(EXERCISE)
Reproduce every line of the material below, but drop the pictures.

___ DATA EXCERPT ___

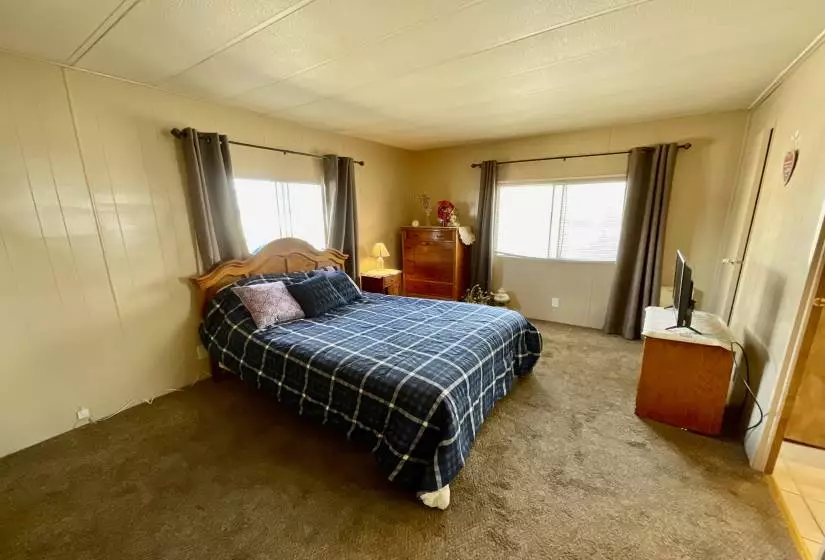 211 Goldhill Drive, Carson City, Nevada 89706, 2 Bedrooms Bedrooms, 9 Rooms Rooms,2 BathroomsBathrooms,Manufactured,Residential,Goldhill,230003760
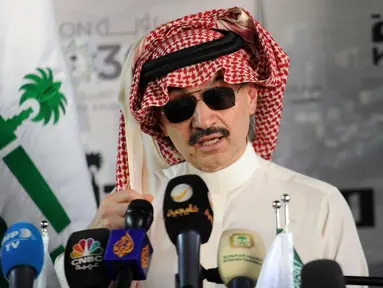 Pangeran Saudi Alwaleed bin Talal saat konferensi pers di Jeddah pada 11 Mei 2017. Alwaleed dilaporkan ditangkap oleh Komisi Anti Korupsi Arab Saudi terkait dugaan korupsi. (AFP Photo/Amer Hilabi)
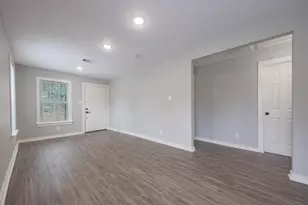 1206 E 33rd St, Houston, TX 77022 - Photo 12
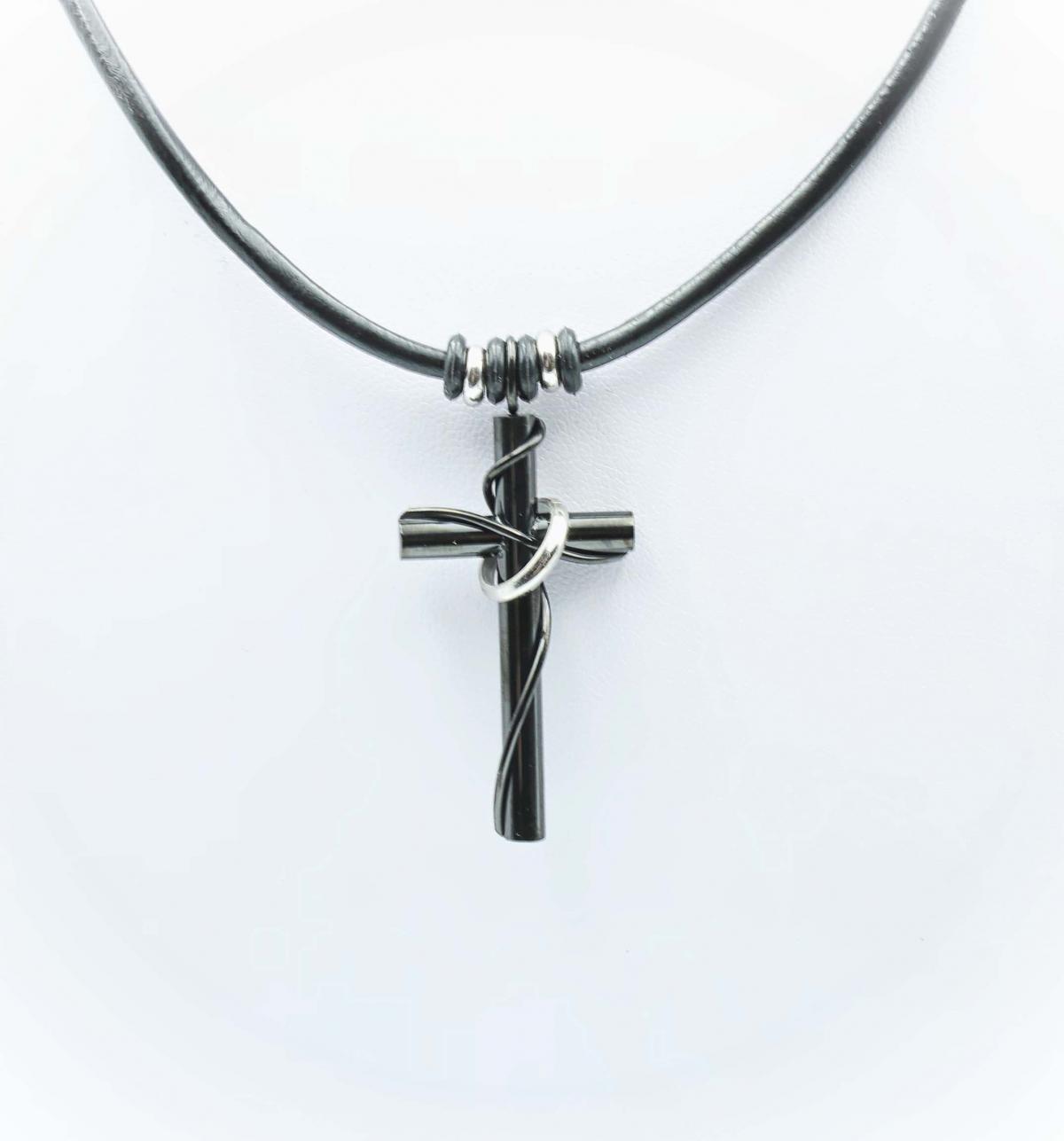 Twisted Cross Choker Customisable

___

(TASK RESPONSE)
 211 Goldhill Drive, Carson City, Nevada 89706, 2 Bedrooms Bedrooms, 9 Rooms Rooms,2 BathroomsBathrooms,Manufactured,Residential,Goldhill,230003760
 Pangeran Saudi Alwaleed bin Talal saat konferensi pers di Jeddah pada 11 Mei 2017. Alwaleed dilaporkan ditangkap oleh Komisi Anti Korupsi Arab Saudi terkait dugaan korupsi. (AFP Photo/Amer Hilabi)
 1206 E 33rd St, Houston, TX 77022 - Photo 12
 Twisted Cross Choker Customisable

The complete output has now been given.